Scalability and availability of CICS itself is provided by IBM's CICSPlex and SYSPlex technologies.

CICS can even participate in distributed transactions, for example using JCA. However, as discussed in Chapter 8, distributed transactions must be handled with care. Because CICS programs usually execute on systems with very high load and transaction density, using distributed transactions with CICS is often inefficient and might have a significant impact on other CICS jobs accessing shared resources.

9.3.5. SCALABILITY AND AVAILABILITY OF WRAPPED LEGACY APPLICATIONS

It is often desirable to use an existing terminal-based legacy application within a service. Just as often, it is not possible to make changes to the existing application. In these cases, one of the most popular and effective ways of using legacy applications in newly developed applications is screen scraping. The character stream that is used to build the terminal user screen, such as on a VT100 terminal, is analyzed. Effectively, the application mimics a VT100 terminal client.

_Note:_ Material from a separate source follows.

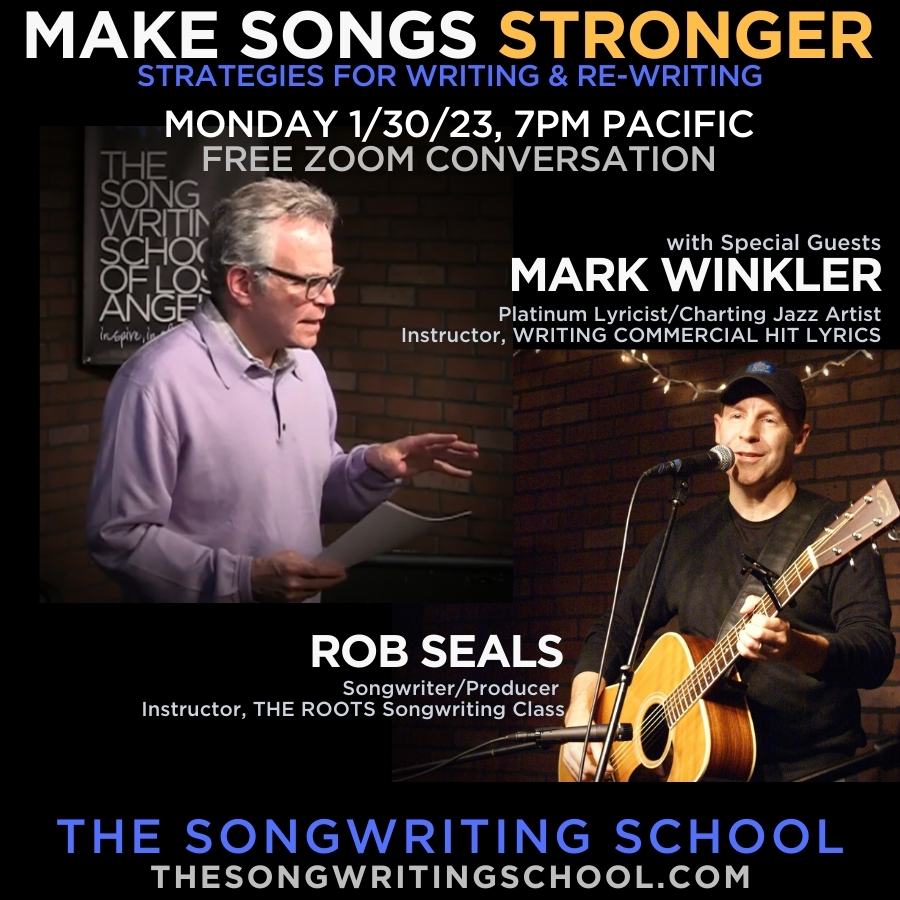 Songwriting Workshop Make Songs Stronger with Platinum Lyricist Mark Winkler and Roots songwriting instructor Rob Seals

This approach has several benefits. It is a fairly cheap and straightforward way to include some of the existing functionality into a service. Specifically, it is a low-impact solution because no changes to the original application are required. There are also downsides to this approach, mainly in relation to scalability and availability. First, a lot of existing VT100 systems will have daily maintenance windowsusually at nightwhen the application and thus the service are not available. This must be incorporated into the relevant SLAs for the service. Second, any changes to the application terminal screen require maintenance work in the service application. Furthermore, granularity of a typical stateless service call can easily span multiple terminal screens. This will lead to rather high latency when invoking such a service. On the other hand, a design that performs multiple fine-grained service calls requires a stateful service, which is generally not advisable, particularly because such systems normally work on a pooled resource, in this case, terminal connections. Furthermore, the service can only scale to the amount of transactions and sessions that are supported by the legacy application.

A business that aims for this type of reuse must be prepared to face the consequences of this decision. It will usually save a large amount of money, but this comes at the cost of somewhat limited scalability and robustness with increased maintenance [TDM2000].

9.3.6. SCALABILITY AND AVAILABILITY IN A HETEROGENEOUS SOA

Ultimately, services in most SOAs that run on different platforms are likely to be integrated. For example, the flight booking EJB might call a SOAP Web service to charge the customer's credit card. Because many SOA initiatives start out providing a whole new enterprise IT infrastructure, it is easy to lose sight of this fact. However, if properly deployed, an SOA supports the concept of heterogeneous service platforms working together. The individual services are only loosely coupled and share no common transaction contexts. Therefore, if all individual services are designed to be available and scalable, the overall system will be available and scalable in principle.

However, the situation is not quite so simple. For example, increasing scalability on the top of the service stack might not increase overall scalability of the system because services down the application stack might be overloaded. Thus, changing an SLA for a frontend service usually requires changing SLAs for backend services as well. As an analogy, imagine a call center that relies on a single database to operate at its maximum user load. Simply adding more agent seats and phone lines to the call center does not increase its capacity unless the database system is also upgraded.

The uptime of services that run within a heterogeneous infrastructure does not amount to the lowest uptime of the service chain. If three services provide an uptime of 98%, the resulting uptime is the product of the individual uptimes:

UT = 98% x 98% x 98% = 94.1%

However, the weakest link in the service chain still has the highest impact on availability in addition to scalability. Therefore, project management must first focus on bringing the weakest technology in line with the SLA's requirements.